> **Goal of the exercise**: Required from the data below: the exact lines starting at the line containing "4, SHELLEY DRIVE, TAVERHAM, NORWICH, NR8" and ending at the line containing "日本語フォント問題 人 ひと", with both ends kept and all pictures dropped.

> **Information given**:
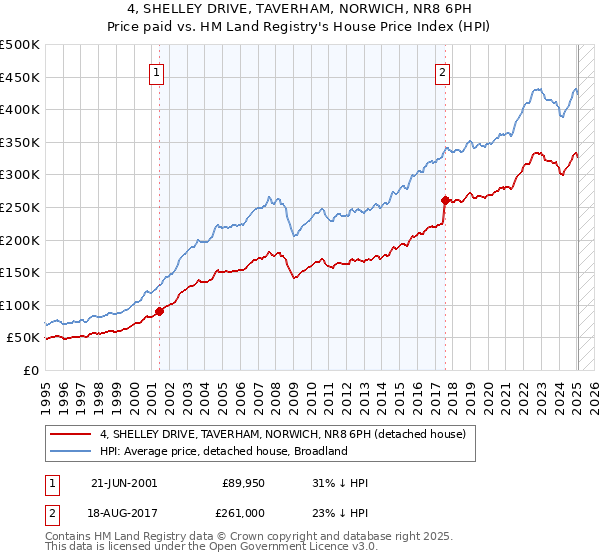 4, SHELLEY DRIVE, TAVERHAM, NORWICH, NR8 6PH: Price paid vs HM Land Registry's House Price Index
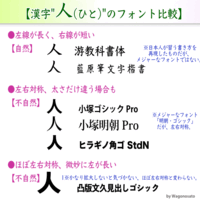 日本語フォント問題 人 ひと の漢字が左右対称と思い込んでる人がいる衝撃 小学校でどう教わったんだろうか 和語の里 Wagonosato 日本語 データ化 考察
--
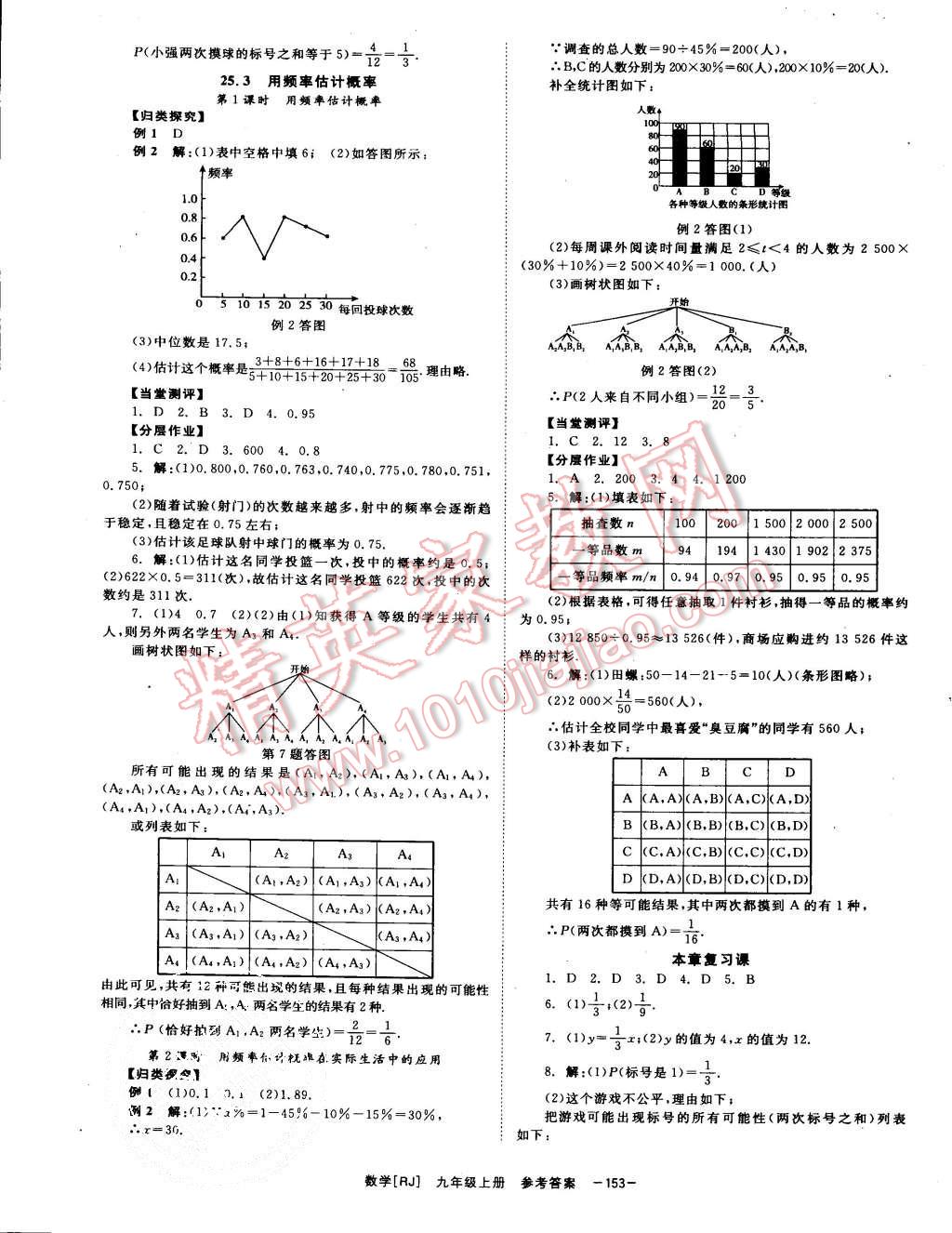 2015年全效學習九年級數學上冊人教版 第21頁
...
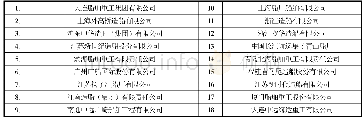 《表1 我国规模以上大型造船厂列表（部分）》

> **Answer to this exercise**:
 4, SHELLEY DRIVE, TAVERHAM, NORWICH, NR8 6PH: Price paid vs HM Land Registry's House Price Index
 日本語フォント問題 人 ひと の漢字が左右対称と思い込んでる人がいる衝撃 小学校でどう教わったんだろうか 和語の里 Wagonosato 日本語 データ化 考察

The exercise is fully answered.